Like I said before, I’m working on what is affordable to fix first and go on from there. I think I remembered you saying that sean and it pays to read your articles. I think it is the fuel pump is the culprit but at $800, I’m still debating if I should fix and ride her for another 100k or just buy another vehicle but I kind of wanting to drive her till 2022 when my hybrid truck comes out and I’ll just buy that new ride instead. For the time being, I just need to care for her just enough so she can last till next year. There are other components that can also be a factor like o2 sensor but usually with that, my check engine light would of gone off by now and the odb reader will pick that up. Hopefully I can find a solution so that others may find it helpful and they too can solve their own car problems. Thanks for everything so far Sean.

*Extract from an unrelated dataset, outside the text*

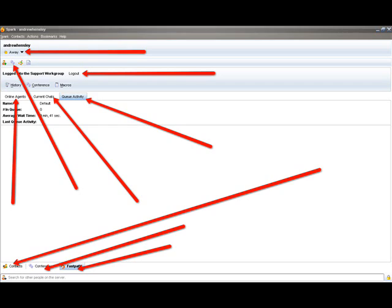On the very bottom, the long row of buttons — the first says 'Contacts,' which is basically anybody in your list; I've never really used that. The next one says 'Conferences' — when you click that you can get back into the contributors room if you lose it or accidentally close it. The very last one says 'Fast Path,' which is the screen you're seeing now with the queue activity, online agents, current chats, and all that.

Gotta give an update so others may learn to solve their own problems. I remembered when I was doing the coil and plugs, I disconnected the battery terminal so when it was done, the car started but can not idle. I then did the relearning system because the ECU need to remember the new set of plugs and will remember the new idle. A day goes by, idle bad again. Starts up fine but no idle. Went and got me two bottles, an MAF cleaner and a throttle body cleaner. Cleaned them both out for the very first time in 10 years and 366k miles later. Well what do you know? It started up just fine and even driving gave me a little bit more horsepower at the stop and go. However, driving up the hill is still a struggle. Still no check engine light so I can not pull any coding. Oh and once you clean out your throttle body, the check engine light goes on but them codes are for the MAF. I cleared it with my odb. Now with going up the hill not having the horsepower, it could be the fuel pump. My car has no fuel filter but perhaps it is embedded with the fuel pump. Well the fuel pump has a sensor right? If it goes bad, my check engine light would go on and say something like low pressure. No light. Plus if fuel pump is out, I wouldn’t be able to start the engine and while driving, it would die right? Not happen yet (knock on wood). So I’m thinking it is the trannie. Shift solenoid perhaps. I can go flat 65 to 75mph ok but once up that hill, I don’t hear a gear change and mph drops to 50. I know if I push harder to get a switch, my rpm would jump up and down at the 2000 rpm and the car will shakes like hell. This lead me to think that the gear was at 6th while driving flat and when up them hills, it got stuck and can not downshift.

I’m at the crossroad of paying the mechanic his diagnostic fees to know for sure and fixing it will cost me a hefty penny. Perhaps I’ll just use that 2011 camry for non mountain driving and city driving only and take that money and buy another car because I do need another reliable car for the daily commute of 2 hours each way and 2 high mountains. I’m not too sure if I should bring it to a mechanic or a trannie specialist. Without a code, I just don’t know.

If you know a good local mechanic, I would bring the car to him and pay the small diagnostic fee. It’s well worth it if he knows what he’s doing, it’ll save you both time and money in the long run.